Archived entries for Ribera del Duero

History, Family, Evolution and Building a Legacy: A Conversation with Jose Moro

It was a story of family.  A story of evolution.  A story of balancing the heritage of the past but balancing that tradition with innovation to take the wines forward.  It was also the story of what happens when a generation decides to put a stake in the ground, plant an exclusive clone of Tinto Fino, evolve it in every wine they make and become singularly focused on the terroir and what the land can do.  Last week, I had the chance to sit down with Jose Moro, President of Bodegas Emilio Moro Winery, to hear the story, taste the wines and experience the legacy of the family.

We gathered at Pappa Bros. Steakhouse for a specially paired, four course wine dinner matched with five wines that showcased evolution in a glass.  Moro was so excited about the beauty of the new 2015 wines and called it out as “the best vintage ever.”  “The size of the berries, the rich aromatics of the wines and the ideal conditions in the vineyards makes this year an optimal year,” he said.

Bodegas Emilio Moro is all about Ribera del Duero’s wine but also about the fourth generation of family members who will keep the legacy going.  “Every year as we harvest the wines, we live in these incredible moments, said Moro.”  “Wine is the one basic element and driving force that I know.”

A little history about the Moro family.  In 1932, Emilio Moro was born in Penafiel, the wine center of Ribera del Duero.  Moro developed vineyards and went down the path of producing bulk wine.  In 1959, Moro’s son was born – also named Emilio – and was readily eager to follow in the footsteps of his family.  In the 80s’, there was a concerted decision to change from quality over quantity and focus on the Tinto Fino clone.

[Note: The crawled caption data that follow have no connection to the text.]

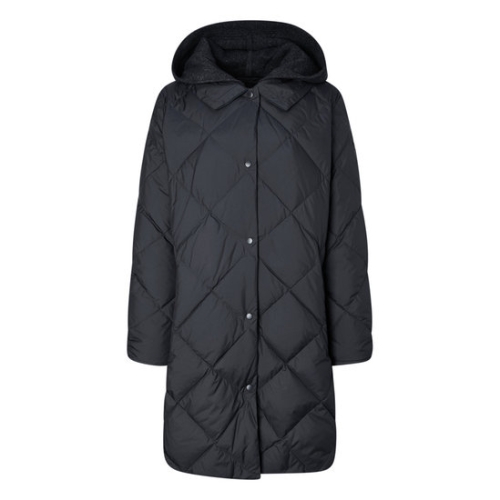 BK, 블랙이미지입니다. 누르면 해당 게시물로 새창이동합니다.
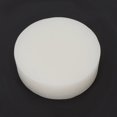 thumbnail image 1 of Jabón De Limpieza Profunda De Leche De Cabra De 50g, Jabón Hidratante Para El Cuidado De La Piel Que Encoge Los Poros, 1 of 7
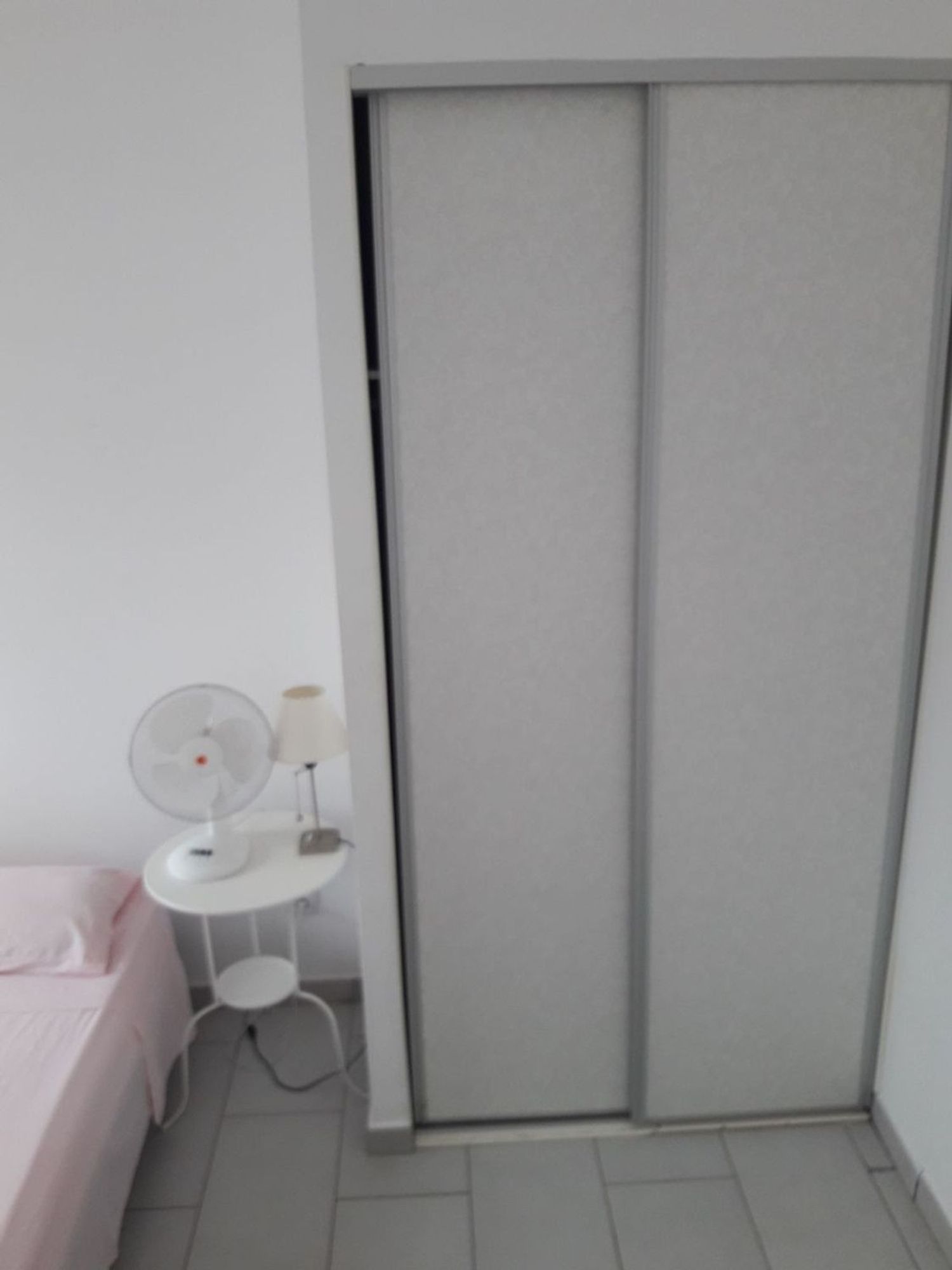 Piso en calle de son Llull, 75 - Foto 5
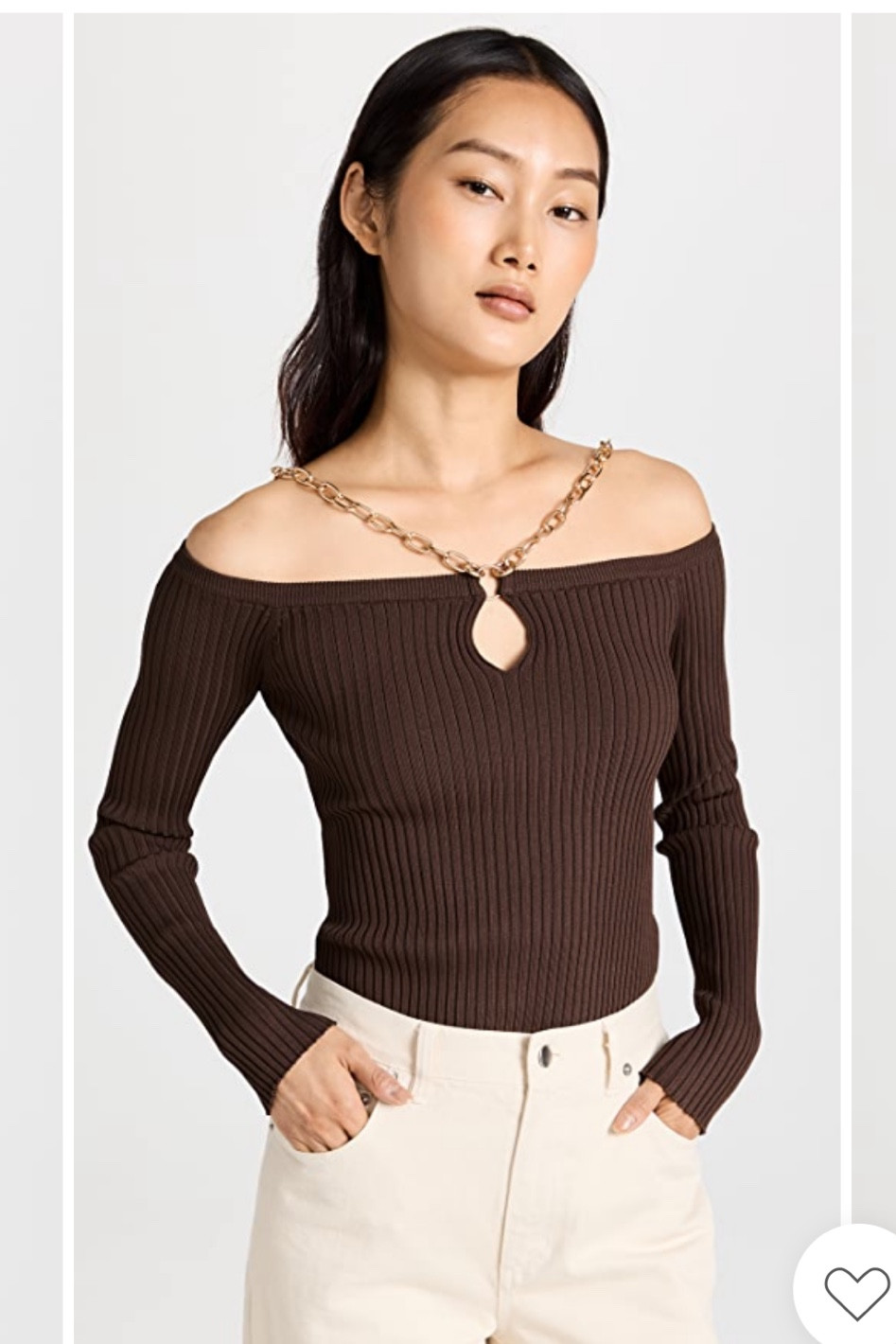 #LTKSale #LTKunder100 #LTKSeasonal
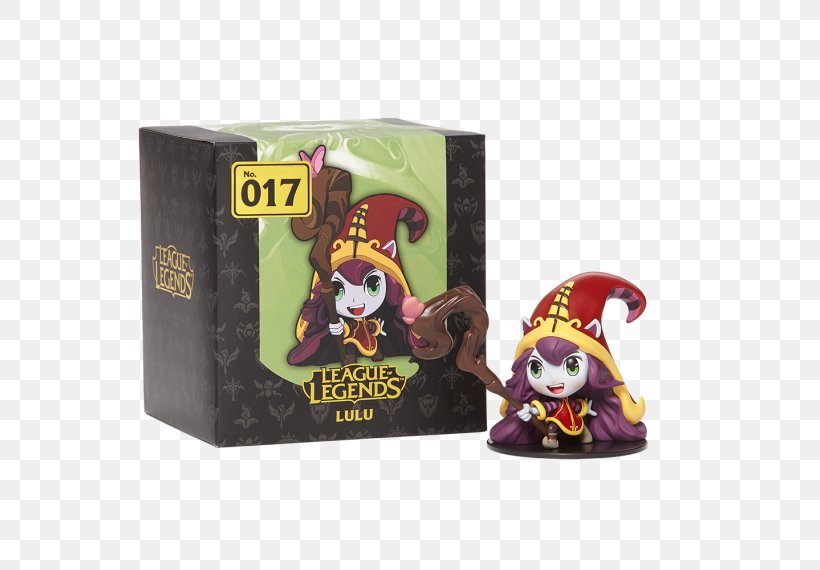League Of Legends Action & Toy Figures Riot Games Figurine, PNG, 570x570px, League Of Legends, Action Toy Figures, Character, Collectable, Doll Download Free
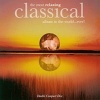 The Most Relaxing Classical Album in the World...Ever!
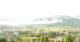 Radstadt 09.06.2025 07:16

Spain is the third largest wine producing region, has world’s largest compilation of the extension of vines and Ribera del Duero has almost 2,000 hours of sun per year.  The Ribera del Duero was named a wine denomination of origin in 1925 and today Spain has more than 70 of them.  The terroir is very high and a mix of chalk, clay and stone.  “History generates the quality of wines that come from great wines combined with a selection of environment, history and location.”  And the critics agree with the Wine Enthusiast naming the region as the best in 2012.

Many of these vines have quite the impressive resume and the family is dedicated to three core values – tradition, innovation and corporate social responsibility.  Moro talked about how, “history guarantees the quality of the wines and how great wines come out of its environment, location and history.”

Speaking of innovation, Moro was one of the first to test out drones in the vineyard.  This technology provides him with specific information for every single clone.  You also see his passion for helping others.  The family’s Emilio Moro Foundation focuses on a wide variety of projects that give back to several communities and uses the need for clean water as its common denominator.

We started with a delightful rose as an aperitif that I adored.  It was made of tempranillo grapes and it is delightful.  Crisp, mineral, balanced, fruit forward and delicious.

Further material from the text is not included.